Decommissioning Nodes (Non-masters)
Use the ban cookbook to remove the node from the cluster. (See Banning Nodes from the Cluster for more details).
Elasticsearch will leave the shard on a node if it can't find another place for it to go. If you see that then you have probably removed too many nodes.
After you have confirmed that all shards have been moved off the node and the cluster state is yellow or green, Follow the WMF standarddecommissioning proces. When decommissioning nodes, you should ensure that elasticsearch is cleanly stopped before the node is cut from the network.
Deploying Debian Packages
When we upgrade our Elasticsearch or Debian distro versions, we have to redeploy packages, including:
- elasticsearch-madvise
- liblogstash-gelf-java
- wmf-elasticsearch-search-plugins
In the case where upstream has not changed significantly, you (an SRE or someone with SRE access) can simply copy the Debian package from the previous distro repository, as described on the reprepro page.
Deploying plugins
Plugins (for search) are deployed using the wmf-elasticsearch-search-plugins debian package. This package is built using the ops-es-plugins repository and deployed to our apt repo like any other debian packages we maintain.

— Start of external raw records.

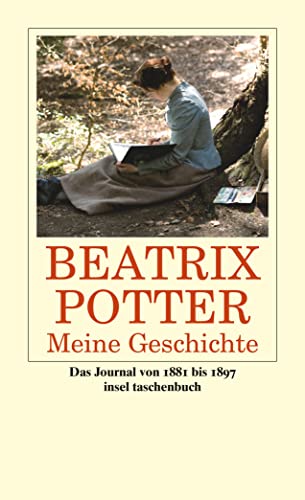 Meine Geschichte: Das Journal 1881 bis 1897 (insel taschenbuch)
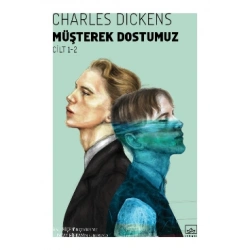 Müşterek Dostumuz (2 Cilt) (Our Mutual Friend)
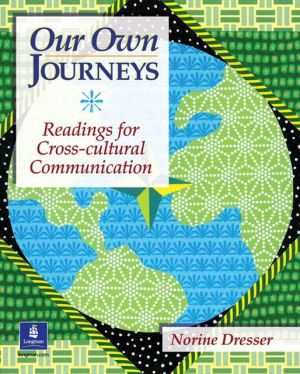 Book Our Own Journeys: Readings for Cross-Cultural Communication free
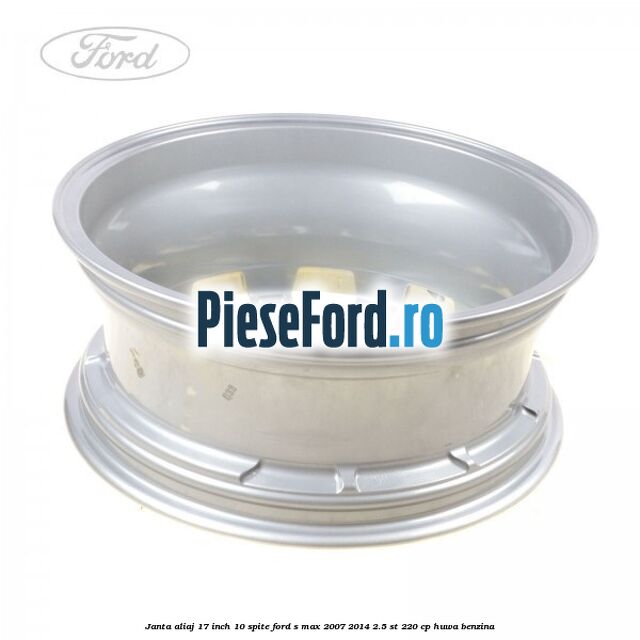 Janta aliaj 17 inch, 10 spite Ford S-Max 2007-2014 2.5 ST 220 cp Janta aliaj 17 inch, 10 spite Ford S-Max 2007-2014 2.5 ST 220 cp HUWA benzina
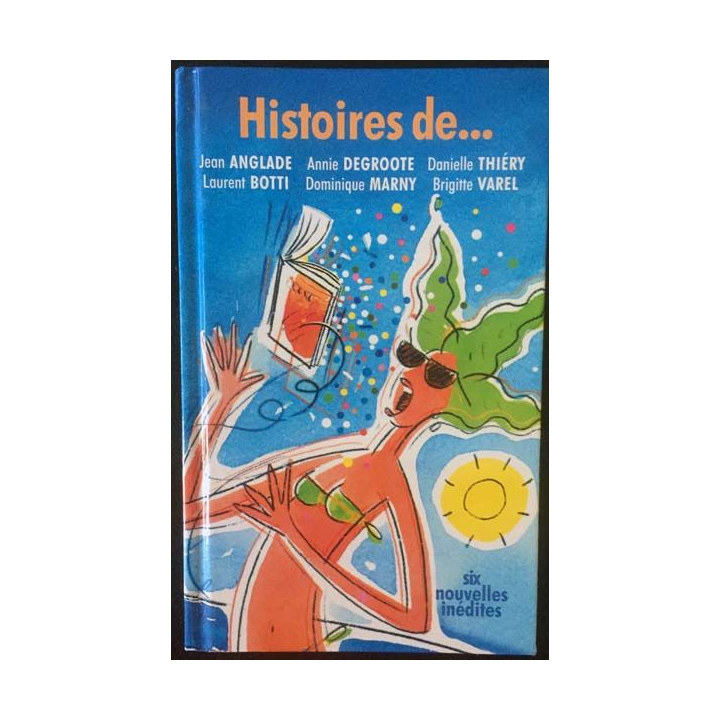 1. Histoires de... Six nouvelles inédites aux éditions France loisirs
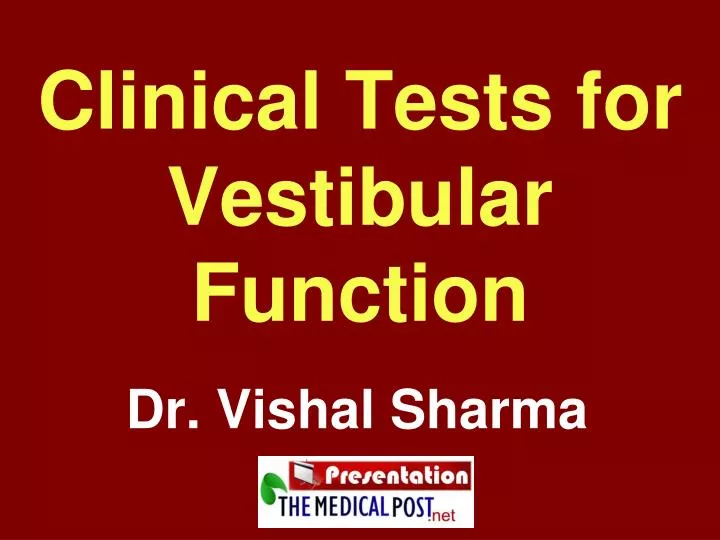 clinical tests for vestibular function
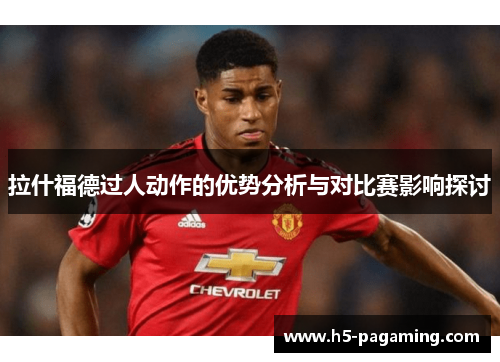 拉什福德过人动作的优势分析与对比赛影响探讨 拉什福德过人动作的优势分析与对比赛影响探讨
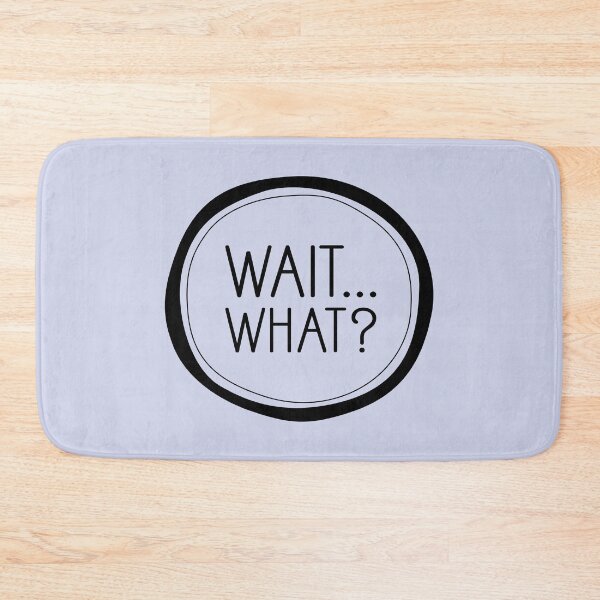 Item preview, Wait... What? designed and sold by Amy VanMeter.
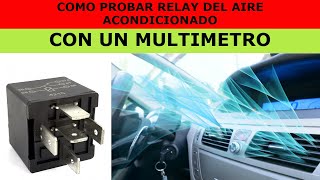 COMO PROBAR EL RELAY DEL AIRE ACONDICIONADO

The list of plugins we currently maintain is:
- extra
- extra-analysis
- highlighter
- s3-repository
They are currently released using the classic maven process (release:prepare|perform) and deployed to maven central. The repository name used for deploying to central is ossrh and thus the engineer performing the release must have its ~/.m2/settings.xml with the following credentials set:
settings;
servers
server
id ossrh /id
username username /username
password password /password
/server
/servers
/settings
To request write permission to this repository one must create a request like this one and obtain a +1 from a person already granted.
Please see discovery-parent-pom for generic advises on the build process of the java projects we maintain.
This section will change once we migrate to Opensearch. See this work-in-progress page for a preview.
Backup and Restore
Via Elastic S3 Snapshot Repository Plugin
See this page for more details.
Inspecting logs
This is specific to Elastic, but you may also need to check Cirrus logs.
Elasticsearch logs
The logs generated by elasticsearch are located in /var/logs/elasticsearch/ :
- production-search-eqiad.log is the main log, it contains all errors (mostly failed queries due to syntax errors). It's generally a good idea to keep this log opened on the master and the node involved in administration tasks.
- production-search-eqiad_index_search_slowlog.log contains the queries that are considered slow (thresholds are described in /etc/elasticsearch/elasticsearch.yml)
- elasticsearch_hot_threads.log is a snapshot of java threads considered "hot " (generated by the python script elasticsearch_hot_threads_logger.py, it takes a snapshot from hot threads every 10 or 50 seconds depending on the load of the node)
NOTE: the log verbosity can be changed at runtime, see elastic search logging for more details.
Using jstack or jmap or other similar tools to view logs
Our elasticsearch systemd unit sets PrivateTmp=true, which is overall a good thing. But this prevents jstack / jmap / etc. from connecting to the JVM as they expect a socket in the temp directory. The easy/safe workaround to viewing these logs is via nsenter (See T230774 or the following code snippet)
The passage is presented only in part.